Fine Line reopens to public after COVID shutdown

Ken Kellar

It’s been a long handful of months being closed, but the Fine Line Art Gallery is ready to welcome customers and art aficionados back through its doors.

Like many local businesses, the gallery closed down in mid-March following the outbreak of the COVID-19 pandemic and restrictions put in place by various levels of government to slow the spread of the virus. Now, after roughly three months of being closed, Fine Line’s Jean Richards said it’s time to re-open their doors.

In fact, they’ve already done it.

“We opened last week for three days and this week for four days, but we’re going to go Monday to Friday from 10:00 a.m. to 500 p.m. and Saturdays from 10:00 a.m. until 3:00 p.m.,” she explained to the Times last Friday.

With the gallery opened to the public again, Richards stressed that things will be different in order to keep everyone safe, customers and artists alike, but she said that some of the customers she’s already seen are very understanding of the new rules.

“We’re going to keep it to three customers at a time and six feet distance and sanitizing hands and encouraging masks if they want,” Richards said.

“This morning a very good customer came to the door and looked at the sign and put her mask on, so people are really good. Hopefully we can get to doing artist of the month and open house and all that, but right now… well, you know what it’s like.”

That’s a challenge the gallery still has to figure out, Richards explained. Usually the artist of the month, open houses and silent auctions bring in a good deal more customers at any one time, but with restrictions in place the gallery isn’t quite sure how these events will look going forward.

“Whether we can do it again, I don’t know,” she said.

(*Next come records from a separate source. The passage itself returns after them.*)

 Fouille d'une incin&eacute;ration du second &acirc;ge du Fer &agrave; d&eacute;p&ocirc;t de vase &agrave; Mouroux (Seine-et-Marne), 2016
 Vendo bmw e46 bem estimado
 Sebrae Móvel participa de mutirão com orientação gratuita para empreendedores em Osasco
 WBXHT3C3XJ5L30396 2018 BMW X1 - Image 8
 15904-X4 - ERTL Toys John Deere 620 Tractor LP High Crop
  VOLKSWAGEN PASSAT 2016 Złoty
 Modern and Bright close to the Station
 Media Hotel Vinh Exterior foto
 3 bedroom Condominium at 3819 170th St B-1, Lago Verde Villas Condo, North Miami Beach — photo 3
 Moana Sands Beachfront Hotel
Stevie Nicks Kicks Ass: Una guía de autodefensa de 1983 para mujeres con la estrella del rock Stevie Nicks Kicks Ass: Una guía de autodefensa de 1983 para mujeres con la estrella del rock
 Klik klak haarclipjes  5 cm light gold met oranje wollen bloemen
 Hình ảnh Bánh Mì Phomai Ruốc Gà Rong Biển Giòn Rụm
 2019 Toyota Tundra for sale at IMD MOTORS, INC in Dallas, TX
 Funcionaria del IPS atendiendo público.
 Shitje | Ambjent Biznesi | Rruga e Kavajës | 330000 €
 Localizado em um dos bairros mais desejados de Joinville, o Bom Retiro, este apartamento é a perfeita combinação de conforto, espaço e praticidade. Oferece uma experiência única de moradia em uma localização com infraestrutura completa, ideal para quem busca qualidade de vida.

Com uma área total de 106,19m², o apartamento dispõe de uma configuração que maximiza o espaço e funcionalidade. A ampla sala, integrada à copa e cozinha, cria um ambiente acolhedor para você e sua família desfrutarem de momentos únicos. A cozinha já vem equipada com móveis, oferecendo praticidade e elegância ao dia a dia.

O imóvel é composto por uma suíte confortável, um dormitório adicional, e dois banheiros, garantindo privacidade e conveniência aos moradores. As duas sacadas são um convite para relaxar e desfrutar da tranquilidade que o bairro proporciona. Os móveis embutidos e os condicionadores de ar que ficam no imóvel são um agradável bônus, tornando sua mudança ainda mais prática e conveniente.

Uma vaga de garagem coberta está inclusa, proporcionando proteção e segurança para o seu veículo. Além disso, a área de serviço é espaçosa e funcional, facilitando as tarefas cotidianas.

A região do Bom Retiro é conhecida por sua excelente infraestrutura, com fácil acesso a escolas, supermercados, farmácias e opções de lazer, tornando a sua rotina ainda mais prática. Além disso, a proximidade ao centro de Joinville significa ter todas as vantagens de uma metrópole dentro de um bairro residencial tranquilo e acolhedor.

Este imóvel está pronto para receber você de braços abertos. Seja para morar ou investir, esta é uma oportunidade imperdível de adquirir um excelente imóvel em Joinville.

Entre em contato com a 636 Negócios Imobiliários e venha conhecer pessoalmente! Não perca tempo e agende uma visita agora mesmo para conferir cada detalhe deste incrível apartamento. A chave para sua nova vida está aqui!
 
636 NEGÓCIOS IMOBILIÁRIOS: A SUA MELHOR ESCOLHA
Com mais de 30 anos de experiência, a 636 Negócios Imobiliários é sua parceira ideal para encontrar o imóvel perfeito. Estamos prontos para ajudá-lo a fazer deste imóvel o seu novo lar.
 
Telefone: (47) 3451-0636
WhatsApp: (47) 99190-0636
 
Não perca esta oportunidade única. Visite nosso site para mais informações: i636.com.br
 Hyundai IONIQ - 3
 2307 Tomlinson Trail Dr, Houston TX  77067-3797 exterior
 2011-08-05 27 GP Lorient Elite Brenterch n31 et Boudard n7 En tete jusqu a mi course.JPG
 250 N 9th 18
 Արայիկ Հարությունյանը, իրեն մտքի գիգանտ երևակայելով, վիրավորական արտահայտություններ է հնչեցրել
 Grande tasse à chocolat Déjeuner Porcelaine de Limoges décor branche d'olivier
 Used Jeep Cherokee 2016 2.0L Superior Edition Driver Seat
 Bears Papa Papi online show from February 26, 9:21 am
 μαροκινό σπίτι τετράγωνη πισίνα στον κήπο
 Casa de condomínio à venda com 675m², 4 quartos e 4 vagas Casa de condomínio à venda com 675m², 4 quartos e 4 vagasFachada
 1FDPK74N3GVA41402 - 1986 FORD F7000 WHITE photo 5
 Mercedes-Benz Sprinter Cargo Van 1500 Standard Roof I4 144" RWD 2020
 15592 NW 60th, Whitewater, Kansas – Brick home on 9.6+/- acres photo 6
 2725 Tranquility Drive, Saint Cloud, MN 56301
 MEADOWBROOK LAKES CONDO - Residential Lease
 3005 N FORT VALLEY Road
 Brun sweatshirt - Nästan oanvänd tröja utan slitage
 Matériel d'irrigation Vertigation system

“We get three or four customers in at a time at the most, two usually, but when we’d have an open house or the silent auction, that’s when we’d get more than three people at a time. So whether we’d be able to do the silent auction, I don’t know.”

Richards added that there’s added desire to get back to the artist of the month, as she had a schedule lined up before events out of their control pushed things around.

“Hopefully everything will go back to normal so we can do our artist of the month,” she explained.
“Emily was going to do September. I was going to do October last year, then we had to move, then I was going to do March, and then the world stopped, so hopefully this fall we can go back to that. I was laughing and saying we should put a sign up: ‘COVID-19 pricing.’”

The Gallery is lucky, Richards explained, because they had enough funds in reserve to be able to pay their rent during the time they were closed due to the pandemic, and now that they’re open they can begin to refill that reserve.

Even as the gallery works to figure out how to hold its regular events, Richards said she’s encouraged by the response she’s seen from customers in the short time they’ve been re-opened.

“We were closed for three months,” she said.

“But this week we’ve had a few customers. Not just lookers, they more or less knew what they wanted, so that was a good sign… On Tuesday I came in and two people came in and bought four of my cards, and then on Wednesday we had sales over $100. And today’s around $100 again. But you can see there’s more traffic, there’s more cars.”

There are still a few months to go before the Fine Line Art Gallery has to worry about celebrating its first anniversary in their newest location –right next door to where they originally opened in 1995– but Richards encouraged everyone to stop in and catch up with their favourite local artists.

“[The public] are welcome back because we’re open and it will be great to see them,” she said.